Descriptive Statistics: https://www.excel-easy.com/examples/descriptive-statistics.html
t-tests: https://www.excel-easy.com/examples/t-test.html
Simple linear regression (can also do multiple linear regression): https://www.ablebits.com/office-addins-blog/2018/08/01/linear-regression-analysis-excel/
ANOVA in Excel: https://www.excel-easy.com/examples/anova.html
Mixed ANOVA in Excel: http://www.real-statistics.com/anova-random-nested-factors/two-factor-mixed-anova/

Once you get past the simple level of statistical analyses, though, you probably need to look for software specifically dedicated to statistics. Here are some examples.

These programs are not free, but universities often have agreements to let students use them.
- SPSS
- Stata
- SAS
- PowerBI
- MATLAB
- Mathematica
These programs are free (they’re “open,” which I guess is something that’s always being hyped out there).
- Gertl
- R

I tried to order each of the above lists in roughly order of difficulty/power (my ordering of PowerBI, MATLAB, and Mathematica is not necessarily a strong opinion). The more difficult it is to learn the more powerful the program tends to be.

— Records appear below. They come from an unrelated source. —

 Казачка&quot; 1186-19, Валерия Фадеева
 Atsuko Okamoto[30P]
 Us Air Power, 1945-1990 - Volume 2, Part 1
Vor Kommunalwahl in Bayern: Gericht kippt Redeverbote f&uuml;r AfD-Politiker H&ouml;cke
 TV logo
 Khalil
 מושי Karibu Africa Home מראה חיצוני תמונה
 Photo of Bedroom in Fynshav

SIDE NOTE: More powerful statistics software tends to be more customizable, and therefore, more difficult to learn. Customization means richness in the programming language or interface you have to learn in order to operate the program. Statistics is an applied math. To get the most accurate analysis you need to customize your statistical tests to match the practical reality of your data set.
For example, you need to run a different type of regression on a data set that has observations from various firms in just one year versus a data set that observations from various firms over multiple years.
The more advanced statistics packages are just programming languages with statistics presets and you program in the gaps. This requires (1) a knowledge of that programming language and (2) a knowledge of the underlying mechanics of statistical tests. There are no guardrails if you are programming the statistical test from scratch.

11.2.3 Step #3 Presentation of Results

If you complete a great data analysis, but no one ever comes to understand its implications, was it really a great data analysis?

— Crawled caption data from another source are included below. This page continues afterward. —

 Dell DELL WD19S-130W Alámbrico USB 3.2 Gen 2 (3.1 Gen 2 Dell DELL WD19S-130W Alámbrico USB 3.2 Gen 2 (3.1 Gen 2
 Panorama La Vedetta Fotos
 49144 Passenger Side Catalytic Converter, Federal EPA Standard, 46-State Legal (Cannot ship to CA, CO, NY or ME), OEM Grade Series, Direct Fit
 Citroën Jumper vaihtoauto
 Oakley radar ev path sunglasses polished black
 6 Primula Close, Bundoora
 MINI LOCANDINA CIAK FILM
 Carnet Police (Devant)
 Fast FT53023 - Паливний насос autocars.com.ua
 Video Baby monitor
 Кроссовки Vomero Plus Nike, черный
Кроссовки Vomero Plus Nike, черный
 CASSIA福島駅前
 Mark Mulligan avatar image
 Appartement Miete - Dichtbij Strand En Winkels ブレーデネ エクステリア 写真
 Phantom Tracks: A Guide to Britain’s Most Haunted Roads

Part of data analytics is presenting results. Presenting results does several things.

You probably can’t present everything, at least not with an equal level of emphasis. Thus you must make choices about the priorities of the data analysis. This forces you to think through the “so what?” of your results. It can refine your understanding of the analysis.
Presenting results allows you (prior to presentation) and your audience (after presentation) to critically evaluate the data analysis. There might be a mistake (hopefully not a huge one!), or there might be a statistical tool that you are currently misunderstanding. Presenting allows you to get at least indirect feedback.
Presenting results usually is a prerequisite before your analysis makes a difference for the firm. Your analysis must be presented to decision makers for it to affect their decisions. Data analysis that doesn’t affect decision making is just an expensive hobby.

How do you present data analysis? It’s possible, I guess, that the decision maker can read the raw analysis output. But that’s less likely, especially if you’re talking about communicating with a wide range of decision makers or a large number of joint decision makers. At least one of the people on the committee will have slept through statistics class (who wouldn’t!).

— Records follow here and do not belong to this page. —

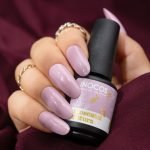 Moscatel Verniz Gel Natura Lovers Wine 15ML - Inocos - Image 2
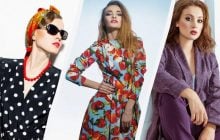 Пора выворачивать шкафы и антресоли: эти вещи из 70-х снова на пике моды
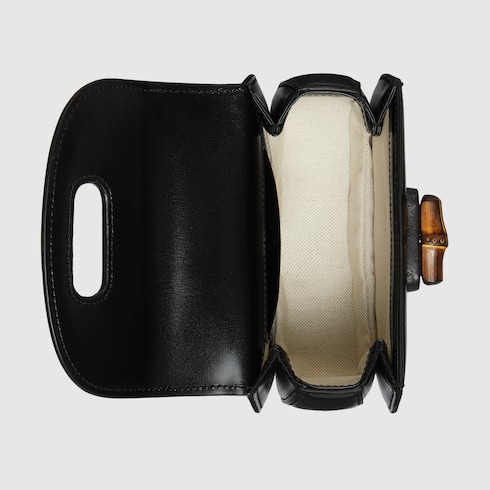 Minibolso Gucci Bamboo 1947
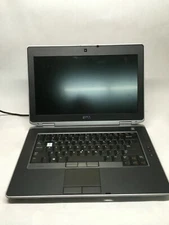 Dell Latitude E6430 15" (AS IS / FOR PARTS) DOES NOT BOOT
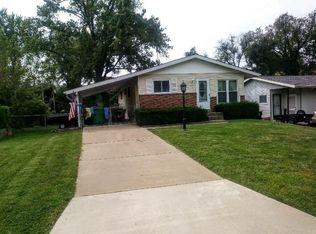 142 Burncoate Dr, Saint Louis, MO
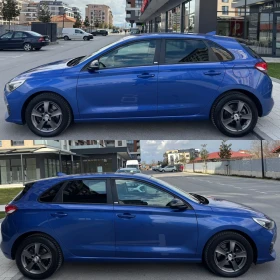 Hyundai I30 1.4 Turbo GDi* AUTOMATIC* EURO 6D | Mobile.bg � ����� ������ 5
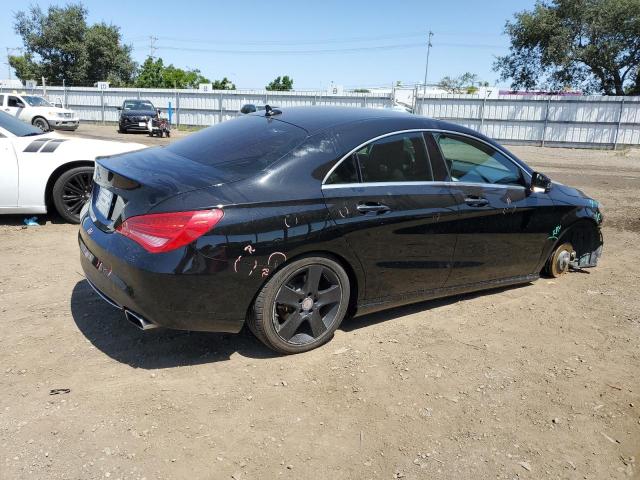WDDSJ4EB3GN324070 Mercedes-Benz CLA 250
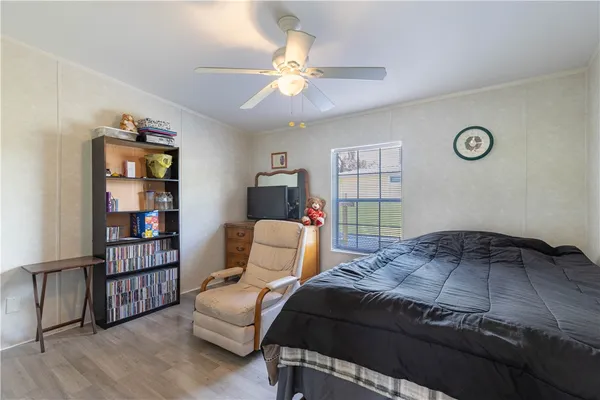 $213,835 | 835 Vireo Drive, Barefoot Bay, FL 32976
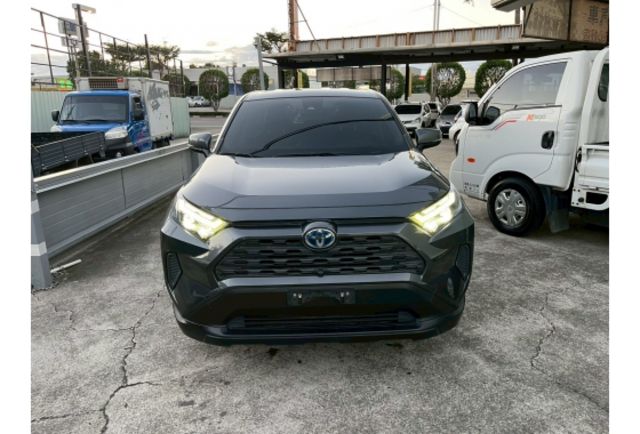 Toyota RAV4  第2張相片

Here are some typical tools for presenting data analysis.

Tables. A well-organized and well-labelled table can help people see how row categories relate to column categories (and to understand the scale and units).
Figures. This includes charts and graphs. These can quickly convey what categories are more or less than each other and how different categories relate to each other is more easily done visually.
Interactive visualizations. For example, this might be a pie chart that allows you to drill own on different subcategories or filter results the pie chart if based on, in real-time. If a figure or table can be customized by the audience, it can be a very flexible way of getting right at decision makers’ questions. You don’t have to guess what decision makers want to know. They will do that on their own.